AIM OF THE TASK:
The material below holds a span beginning at the line with "Markham, ON L6B 0R9,488 Riverlands AVE" and ending at the line with "Descubra a Essência". Quote that span exactly, both ends included, and only that span.
Start of RECORDS SUPPLIED
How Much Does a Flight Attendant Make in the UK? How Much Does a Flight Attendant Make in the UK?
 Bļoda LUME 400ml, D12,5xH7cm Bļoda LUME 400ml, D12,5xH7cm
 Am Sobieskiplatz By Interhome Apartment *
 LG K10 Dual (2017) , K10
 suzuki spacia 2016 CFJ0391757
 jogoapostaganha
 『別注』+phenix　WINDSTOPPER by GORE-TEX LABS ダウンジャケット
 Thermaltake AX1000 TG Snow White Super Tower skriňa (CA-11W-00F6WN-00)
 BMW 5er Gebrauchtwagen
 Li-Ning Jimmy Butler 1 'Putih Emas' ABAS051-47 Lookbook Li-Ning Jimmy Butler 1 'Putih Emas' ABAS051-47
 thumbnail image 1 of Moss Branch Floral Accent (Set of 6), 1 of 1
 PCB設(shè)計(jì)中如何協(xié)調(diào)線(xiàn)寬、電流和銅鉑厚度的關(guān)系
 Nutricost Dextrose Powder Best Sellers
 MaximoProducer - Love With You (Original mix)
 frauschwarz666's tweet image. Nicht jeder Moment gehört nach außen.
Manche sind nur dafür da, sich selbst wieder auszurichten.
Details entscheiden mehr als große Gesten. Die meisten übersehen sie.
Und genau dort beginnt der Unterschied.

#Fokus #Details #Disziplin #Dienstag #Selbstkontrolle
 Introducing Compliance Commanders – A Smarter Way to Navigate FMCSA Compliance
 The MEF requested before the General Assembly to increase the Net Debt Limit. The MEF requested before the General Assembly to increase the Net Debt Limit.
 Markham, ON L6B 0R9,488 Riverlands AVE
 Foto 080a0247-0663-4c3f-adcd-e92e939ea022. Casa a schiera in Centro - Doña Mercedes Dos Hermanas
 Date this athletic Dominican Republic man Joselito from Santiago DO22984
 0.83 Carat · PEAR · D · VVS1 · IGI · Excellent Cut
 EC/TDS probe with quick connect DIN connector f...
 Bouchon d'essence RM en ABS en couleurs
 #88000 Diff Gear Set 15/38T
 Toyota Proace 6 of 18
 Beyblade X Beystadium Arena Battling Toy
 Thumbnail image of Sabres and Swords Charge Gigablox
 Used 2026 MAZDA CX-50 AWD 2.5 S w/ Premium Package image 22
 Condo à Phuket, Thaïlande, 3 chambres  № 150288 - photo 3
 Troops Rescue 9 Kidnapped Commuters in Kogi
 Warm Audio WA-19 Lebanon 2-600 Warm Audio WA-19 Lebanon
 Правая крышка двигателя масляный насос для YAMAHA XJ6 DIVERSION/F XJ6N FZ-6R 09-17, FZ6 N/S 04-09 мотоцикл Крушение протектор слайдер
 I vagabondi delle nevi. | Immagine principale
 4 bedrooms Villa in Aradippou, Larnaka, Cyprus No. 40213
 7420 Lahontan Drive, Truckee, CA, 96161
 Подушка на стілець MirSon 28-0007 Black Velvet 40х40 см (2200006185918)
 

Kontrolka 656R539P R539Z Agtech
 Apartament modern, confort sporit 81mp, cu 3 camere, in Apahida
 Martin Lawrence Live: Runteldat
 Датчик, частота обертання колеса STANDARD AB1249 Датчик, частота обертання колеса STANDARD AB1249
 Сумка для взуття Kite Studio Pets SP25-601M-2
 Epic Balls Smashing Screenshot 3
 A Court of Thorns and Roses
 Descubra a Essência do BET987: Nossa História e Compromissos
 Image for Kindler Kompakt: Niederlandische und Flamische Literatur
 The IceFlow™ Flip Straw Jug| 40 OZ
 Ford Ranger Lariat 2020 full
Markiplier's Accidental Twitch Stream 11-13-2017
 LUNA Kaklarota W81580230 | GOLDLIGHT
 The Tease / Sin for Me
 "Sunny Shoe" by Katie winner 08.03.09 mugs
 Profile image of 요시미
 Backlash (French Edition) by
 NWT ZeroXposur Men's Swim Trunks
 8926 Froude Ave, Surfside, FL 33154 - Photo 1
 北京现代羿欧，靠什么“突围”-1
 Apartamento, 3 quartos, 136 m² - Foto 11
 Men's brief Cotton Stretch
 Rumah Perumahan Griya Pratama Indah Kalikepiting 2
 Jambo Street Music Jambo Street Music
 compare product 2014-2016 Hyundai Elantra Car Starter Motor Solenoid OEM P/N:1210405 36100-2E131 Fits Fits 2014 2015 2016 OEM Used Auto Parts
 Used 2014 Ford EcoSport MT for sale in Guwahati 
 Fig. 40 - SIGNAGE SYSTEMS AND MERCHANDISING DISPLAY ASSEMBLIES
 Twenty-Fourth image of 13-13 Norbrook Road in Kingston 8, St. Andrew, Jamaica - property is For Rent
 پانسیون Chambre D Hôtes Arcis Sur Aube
End of RECORDS SUPPLIED
OUTPUT:
 Markham, ON L6B 0R9,488 Riverlands AVE
 Foto 080a0247-0663-4c3f-adcd-e92e939ea022. Casa a schiera in Centro - Doña Mercedes Dos Hermanas
 Date this athletic Dominican Republic man Joselito from Santiago DO22984
 0.83 Carat · PEAR · D · VVS1 · IGI · Excellent Cut
 EC/TDS probe with quick connect DIN connector f...
 Bouchon d'essence RM en ABS en couleurs
 #88000 Diff Gear Set 15/38T
 Toyota Proace 6 of 18
 Beyblade X Beystadium Arena Battling Toy
 Thumbnail image of Sabres and Swords Charge Gigablox
 Used 2026 MAZDA CX-50 AWD 2.5 S w/ Premium Package image 22
 Condo à Phuket, Thaïlande, 3 chambres  № 150288 - photo 3
 Troops Rescue 9 Kidnapped Commuters in Kogi
 Warm Audio WA-19 Lebanon 2-600 Warm Audio WA-19 Lebanon
 Правая крышка двигателя масляный насос для YAMAHA XJ6 DIVERSION/F XJ6N FZ-6R 09-17, FZ6 N/S 04-09 мотоцикл Крушение протектор слайдер
 I vagabondi delle nevi. | Immagine principale
 4 bedrooms Villa in Aradippou, Larnaka, Cyprus No. 40213
 7420 Lahontan Drive, Truckee, CA, 96161
 Подушка на стілець MirSon 28-0007 Black Velvet 40х40 см (2200006185918)
 

Kontrolka 656R539P R539Z Agtech
 Apartament modern, confort sporit 81mp, cu 3 camere, in Apahida
 Martin Lawrence Live: Runteldat
 Датчик, частота обертання колеса STANDARD AB1249 Датчик, частота обертання колеса STANDARD AB1249
 Сумка для взуття Kite Studio Pets SP25-601M-2
 Epic Balls Smashing Screenshot 3
 A Court of Thorns and Roses
 Descubra a Essência do BET987: Nossa História e Compromissos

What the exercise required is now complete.